In Shelley’s poem, the desert environment takes on symbolic weight, but only after he has focused on the statute. The introductory lines place the ruins in the desert, but the vast emptiness of the desert environment isn’t described at that point. (And the first line serves to distance the subject, without trivializing it too much by specifically mentioning Egypt. This could be the Assyrian or the Babylonian or, as the poem ultimately implies, the Roman or British or any other imperial venture, too.) It’s only in the final three lines that the point of view expands to take in the panorama of the enormous, flat wasteland surrounding the ruins–in my view, a perfect close.
‘I just cannot read “boundless” with the stress on the second syllable to make Shelley’s second-to-last line scan.’
It’s a trochee, not an iamb, and it’s very effectively introduced to break up the underlying iambic pattern. Other examples: “Stand in the desert”, “Tell that its sculptor”, “stamped on these lifeless things”, “Look on my works”, “Nothing beside remains”, “Round the decay”. Smith does this, too: “Stands a gigantic Leg”, “I am great Ozymandias”, “Nought but the leg”, “Wonder like ours”, “holding the wolf”. If you read these as iambs, the result is ludicrous.
My comment about “Boundless” was meant partially tongue in cheek. However, since we’re discussing it now…
Obviously, a significant degree of flexibility is needed when following iambic patterns. Trying to force, “It is the east, and Juliet is the sun,” into the strictly metered rhythm sounds silly. Yet deviations like these, especially involving one-syllable words, do not break up the flow of the lines. However, some changes of meter are much more stark. I find it hard to quantify this, but I just can’t read it as anything other than, as Rodger C says, an inverted foot.

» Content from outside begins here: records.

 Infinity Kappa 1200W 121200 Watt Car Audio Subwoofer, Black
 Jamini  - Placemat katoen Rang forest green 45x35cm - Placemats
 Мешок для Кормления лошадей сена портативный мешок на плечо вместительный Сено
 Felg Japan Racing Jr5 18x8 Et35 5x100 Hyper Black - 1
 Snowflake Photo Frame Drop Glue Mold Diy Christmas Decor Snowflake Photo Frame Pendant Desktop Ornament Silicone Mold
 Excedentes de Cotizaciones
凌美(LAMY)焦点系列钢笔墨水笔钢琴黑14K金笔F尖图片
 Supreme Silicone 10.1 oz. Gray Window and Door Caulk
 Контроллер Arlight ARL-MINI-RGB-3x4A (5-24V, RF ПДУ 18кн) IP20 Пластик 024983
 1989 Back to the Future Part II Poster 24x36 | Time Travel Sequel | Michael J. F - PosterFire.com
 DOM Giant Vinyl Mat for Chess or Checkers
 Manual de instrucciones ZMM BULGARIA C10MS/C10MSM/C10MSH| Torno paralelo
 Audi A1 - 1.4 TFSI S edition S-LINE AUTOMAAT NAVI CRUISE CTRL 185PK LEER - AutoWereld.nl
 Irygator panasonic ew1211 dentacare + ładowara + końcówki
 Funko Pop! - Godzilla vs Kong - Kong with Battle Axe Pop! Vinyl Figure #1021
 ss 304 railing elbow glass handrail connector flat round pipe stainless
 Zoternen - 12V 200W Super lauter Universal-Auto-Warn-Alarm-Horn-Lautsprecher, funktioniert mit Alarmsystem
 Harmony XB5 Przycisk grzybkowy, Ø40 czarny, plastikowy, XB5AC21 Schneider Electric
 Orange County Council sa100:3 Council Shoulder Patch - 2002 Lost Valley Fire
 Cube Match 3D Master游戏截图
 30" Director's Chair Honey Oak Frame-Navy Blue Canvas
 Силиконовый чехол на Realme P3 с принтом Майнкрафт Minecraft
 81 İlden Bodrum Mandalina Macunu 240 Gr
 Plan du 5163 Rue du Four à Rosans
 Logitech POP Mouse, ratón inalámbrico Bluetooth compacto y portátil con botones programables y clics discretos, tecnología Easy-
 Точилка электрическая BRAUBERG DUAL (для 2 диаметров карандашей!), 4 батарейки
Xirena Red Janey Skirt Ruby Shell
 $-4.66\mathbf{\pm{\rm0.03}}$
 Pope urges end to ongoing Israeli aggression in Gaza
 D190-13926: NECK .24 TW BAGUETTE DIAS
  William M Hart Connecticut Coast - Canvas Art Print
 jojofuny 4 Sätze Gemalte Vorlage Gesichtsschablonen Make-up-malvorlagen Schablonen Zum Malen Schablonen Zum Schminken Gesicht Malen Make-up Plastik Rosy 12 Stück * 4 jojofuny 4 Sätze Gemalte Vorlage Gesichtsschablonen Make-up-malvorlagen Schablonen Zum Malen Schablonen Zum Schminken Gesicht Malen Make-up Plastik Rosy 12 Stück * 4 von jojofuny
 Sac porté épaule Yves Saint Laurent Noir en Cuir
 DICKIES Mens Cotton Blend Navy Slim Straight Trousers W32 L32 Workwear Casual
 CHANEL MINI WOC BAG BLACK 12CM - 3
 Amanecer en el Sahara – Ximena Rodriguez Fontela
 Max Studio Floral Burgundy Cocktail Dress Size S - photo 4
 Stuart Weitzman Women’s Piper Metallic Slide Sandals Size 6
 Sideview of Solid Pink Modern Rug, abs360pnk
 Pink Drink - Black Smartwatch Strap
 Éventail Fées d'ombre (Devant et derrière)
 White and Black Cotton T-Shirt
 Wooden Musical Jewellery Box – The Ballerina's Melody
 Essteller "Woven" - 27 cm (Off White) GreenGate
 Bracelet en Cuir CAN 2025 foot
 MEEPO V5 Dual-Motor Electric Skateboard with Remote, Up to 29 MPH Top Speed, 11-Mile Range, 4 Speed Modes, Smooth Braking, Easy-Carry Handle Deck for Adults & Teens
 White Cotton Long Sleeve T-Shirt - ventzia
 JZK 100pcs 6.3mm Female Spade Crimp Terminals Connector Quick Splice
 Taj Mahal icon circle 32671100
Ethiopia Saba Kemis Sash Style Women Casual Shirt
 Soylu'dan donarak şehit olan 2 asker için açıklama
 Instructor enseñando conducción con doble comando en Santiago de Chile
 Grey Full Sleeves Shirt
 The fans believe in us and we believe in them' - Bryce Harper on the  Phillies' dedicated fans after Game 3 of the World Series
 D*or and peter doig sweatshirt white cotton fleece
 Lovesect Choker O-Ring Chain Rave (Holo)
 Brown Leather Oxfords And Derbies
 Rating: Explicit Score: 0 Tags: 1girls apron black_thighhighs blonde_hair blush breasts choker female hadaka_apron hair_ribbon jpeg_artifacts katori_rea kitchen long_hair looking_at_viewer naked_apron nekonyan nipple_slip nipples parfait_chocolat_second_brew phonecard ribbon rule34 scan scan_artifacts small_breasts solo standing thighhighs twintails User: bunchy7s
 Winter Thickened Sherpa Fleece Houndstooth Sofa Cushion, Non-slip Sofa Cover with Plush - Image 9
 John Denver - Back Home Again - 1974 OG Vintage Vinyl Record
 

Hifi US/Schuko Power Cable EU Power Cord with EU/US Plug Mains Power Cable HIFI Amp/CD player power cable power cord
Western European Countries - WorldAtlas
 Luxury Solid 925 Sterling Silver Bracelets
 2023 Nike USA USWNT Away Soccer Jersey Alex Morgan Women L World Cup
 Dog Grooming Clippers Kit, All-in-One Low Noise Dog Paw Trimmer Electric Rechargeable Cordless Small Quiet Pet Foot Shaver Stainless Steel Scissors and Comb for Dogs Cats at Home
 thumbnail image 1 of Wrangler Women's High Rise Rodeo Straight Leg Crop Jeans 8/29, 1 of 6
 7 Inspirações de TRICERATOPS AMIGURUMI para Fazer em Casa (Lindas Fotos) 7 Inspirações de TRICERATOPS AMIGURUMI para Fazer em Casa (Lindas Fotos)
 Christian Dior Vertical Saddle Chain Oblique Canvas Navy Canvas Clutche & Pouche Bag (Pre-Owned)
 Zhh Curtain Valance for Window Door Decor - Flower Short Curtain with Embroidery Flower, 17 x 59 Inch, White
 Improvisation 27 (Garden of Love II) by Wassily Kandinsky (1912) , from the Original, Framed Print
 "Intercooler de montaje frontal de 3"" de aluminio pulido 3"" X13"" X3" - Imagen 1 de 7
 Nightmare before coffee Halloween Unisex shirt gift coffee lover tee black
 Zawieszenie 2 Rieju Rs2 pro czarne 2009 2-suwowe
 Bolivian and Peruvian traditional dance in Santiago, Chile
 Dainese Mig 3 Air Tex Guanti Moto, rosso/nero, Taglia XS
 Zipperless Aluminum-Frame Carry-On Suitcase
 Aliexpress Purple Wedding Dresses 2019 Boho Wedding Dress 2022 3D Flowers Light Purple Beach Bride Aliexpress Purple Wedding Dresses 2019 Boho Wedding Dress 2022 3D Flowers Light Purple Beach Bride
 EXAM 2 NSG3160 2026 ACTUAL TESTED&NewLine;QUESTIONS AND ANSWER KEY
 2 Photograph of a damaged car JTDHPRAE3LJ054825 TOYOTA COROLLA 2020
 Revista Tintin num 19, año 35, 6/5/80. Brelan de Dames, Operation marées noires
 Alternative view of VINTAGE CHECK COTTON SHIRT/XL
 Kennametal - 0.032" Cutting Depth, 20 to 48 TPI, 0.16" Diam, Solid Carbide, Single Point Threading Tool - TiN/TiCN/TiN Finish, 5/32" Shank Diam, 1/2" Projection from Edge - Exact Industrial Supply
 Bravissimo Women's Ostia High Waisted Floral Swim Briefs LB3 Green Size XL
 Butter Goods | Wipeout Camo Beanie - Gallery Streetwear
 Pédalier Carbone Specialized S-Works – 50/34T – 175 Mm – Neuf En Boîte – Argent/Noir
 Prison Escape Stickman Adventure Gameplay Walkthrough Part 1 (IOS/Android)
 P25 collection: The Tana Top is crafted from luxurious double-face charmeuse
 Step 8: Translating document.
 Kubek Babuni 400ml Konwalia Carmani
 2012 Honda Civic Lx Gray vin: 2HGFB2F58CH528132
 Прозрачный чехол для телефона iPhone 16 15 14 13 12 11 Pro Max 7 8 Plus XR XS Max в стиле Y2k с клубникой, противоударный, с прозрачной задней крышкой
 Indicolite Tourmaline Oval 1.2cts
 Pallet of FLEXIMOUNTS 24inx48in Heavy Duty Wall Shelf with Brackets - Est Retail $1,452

The question then is whether this works, poetically. I don’t think Shelley’s “boundless” is especially bad, but the disruption, especially coming at the beginning of a sentence, is very severe, and I don’t feel it adds much the poem. There are other examples where breaking up the expected stress pattern is more successful, in my view. Near the end of Thanatopsis, William Cullen Bryant shifts the stresses of the lines several times, cleverly calling attention to the poem’s final advice about how to face death.
Sorry, I didn’t mean “at the beginning of a sentence,” but rather “immediately after a comma.”
That comma is there precisely to mark the caesura, which as I say is a standard place for an inversion, being a sort of lesser line beginning.